Votes for 16s: infantilising politics
Be honest: would you trust your 16-year-old self with suffrage?
I have nothing against 16-year-olds. In fact, some of them are my best friends. Well, not quite. But the current campaign to extend suffrage to them deserves to fail, and not just because it is so obviously a cynical vote-grabbing ploy by the parties who stand to gain most from it.
At 16, I couldn’t be trusted with the kettle, let alone the future of my nation. Anyone who thinks today’s 16-year-olds are imbued with the deep reservoir of knowledge and life experience which qualify older voters to elect and remove governments plainly hasn’t met one.

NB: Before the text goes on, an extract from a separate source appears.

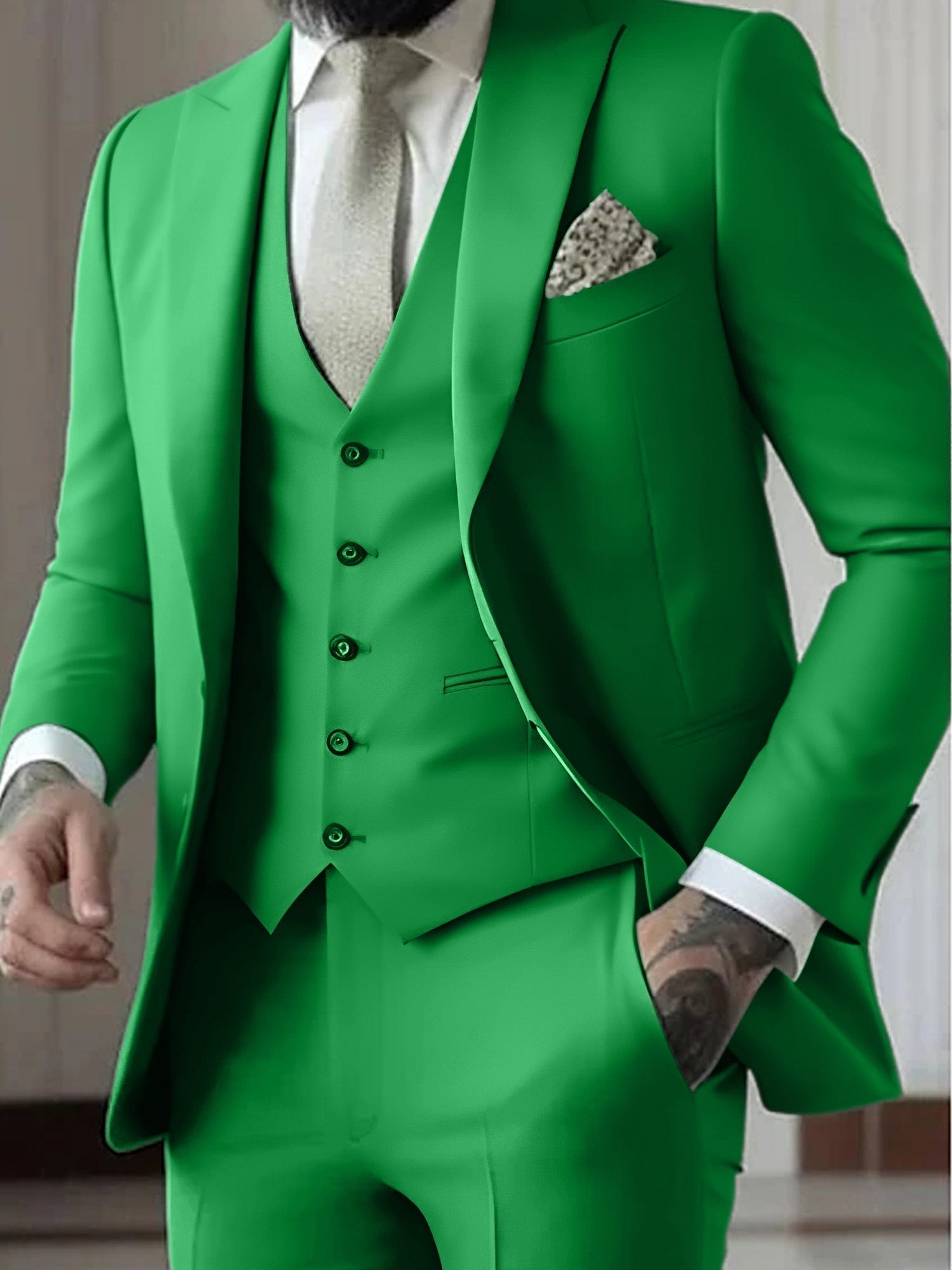 Malcolm Peak Lapel Three Piece Suit_10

These are the same 16-year-olds, let’s not forget, who are not permitted by law to drive, sit on juries, stand for the local council or parliament, own land or property, get married (in England and Wales) without parental or court consent, or purchase alcohol, fireworks or tobacco. And there are no campaigns designed to overturn these laws. Why? Because everyone knows that many 16-year-olds are still, in their minds, children, without the necessary degree of maturity to discharge such rights responsibly. In fact, were a campaign to be launched with the aim of suddenly conferring any of these rights on 16-year-olds, it would be immediately denounced as irresponsible.
And, no, 16-year-olds cannot be sent to fight for queen and country on the battlefield. It is a myth. They may join the armed forces, but cannot be selected for combat until they reach 18.
In the case of purchasing tobacco, politicians in all four legislatures of the UK saw fit in the last decade to raise the minimum age from 16 to 18, so untrusting were they of the little mites.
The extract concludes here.